• [ACTIVITY]: With any pictures left out, restate word for word the lines in the listing below from the one holding "Property photo 16" through the last.

• [RECORDS FOR THE TASK]:
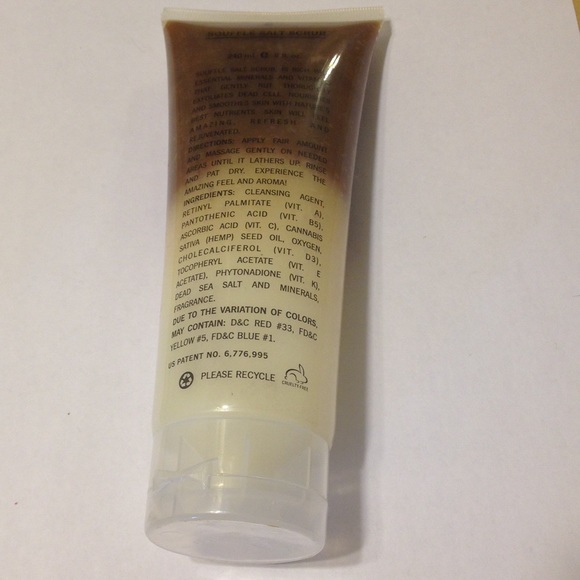 Organic soufflé salt scrub - Picture 3 of 4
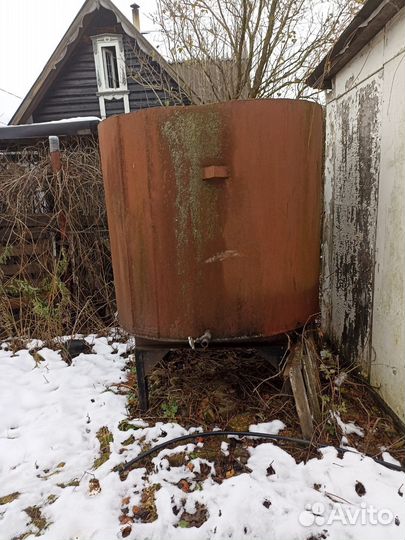 Ёмкость для воды металлическая объём 2145 литров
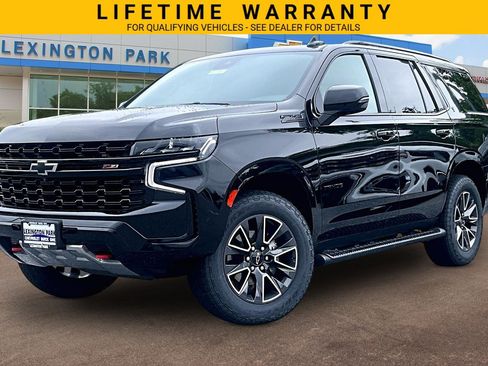 Used 2023 Chevrolet Tahoe Z71 w/ Luxury Package AWD/4WD image 12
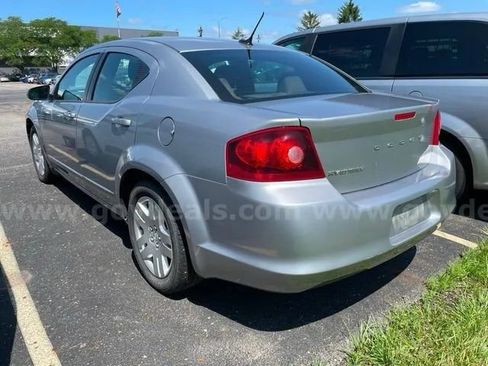 Used 2013 Dodge Avenger SE FWD image 4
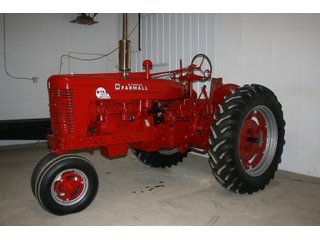 Property photo 16 - AREA FARMERS FARM EQUIPMENT AUCTION IN WHITLEY COUNTY, INDIANA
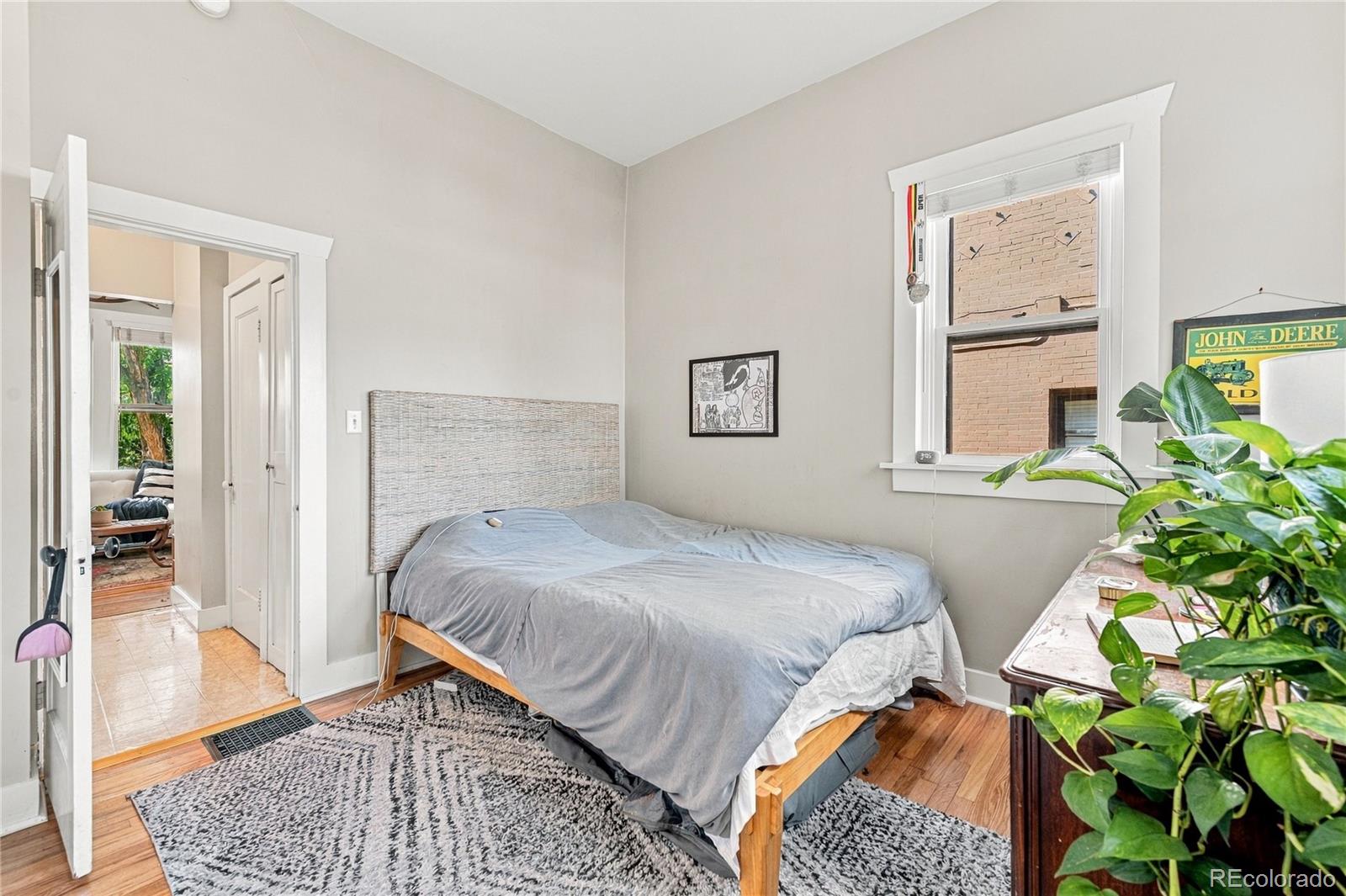 MLS Image #36 for 590 s sherman street,denver, Colorado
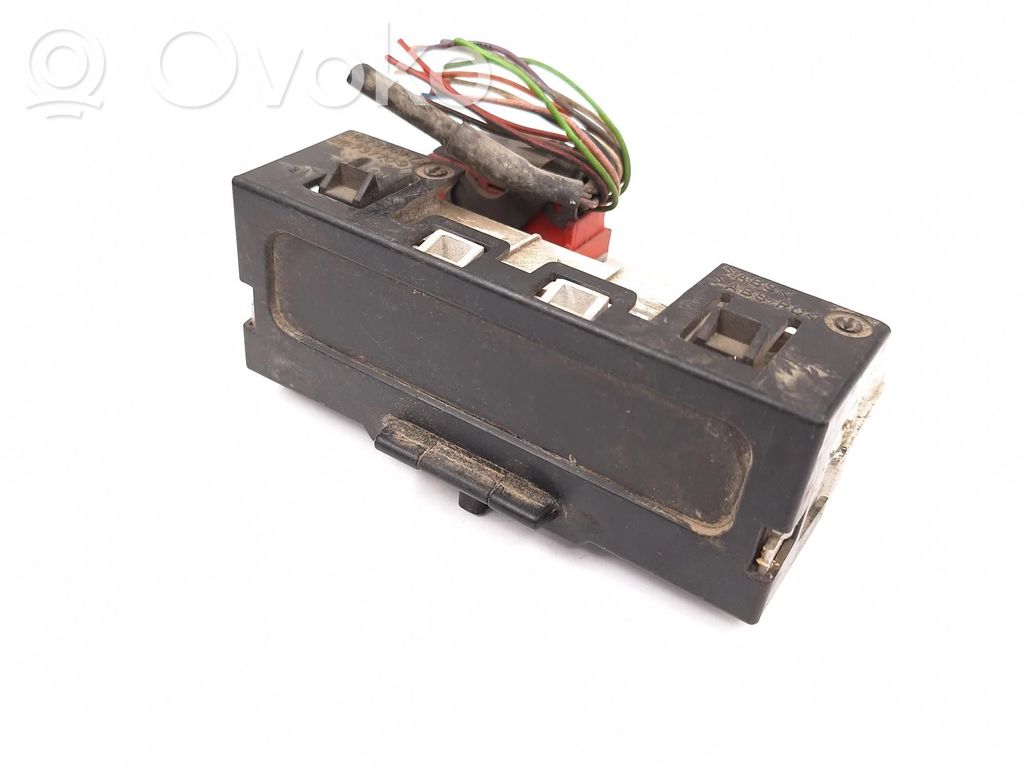 Monitor / wyświetlacz / ekran   216676711,NS31691158,216764983B,216684669A,216737697,216737709,216768379A,8200107839B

• [RESULT]:
 Property photo 16 - AREA FARMERS FARM EQUIPMENT AUCTION IN WHITLEY COUNTY, INDIANA
 MLS Image #36 for 590 s sherman street,denver, Colorado
 Monitor / wyświetlacz / ekran   216676711,NS31691158,216764983B,216684669A,216737697,216737709,216768379A,8200107839B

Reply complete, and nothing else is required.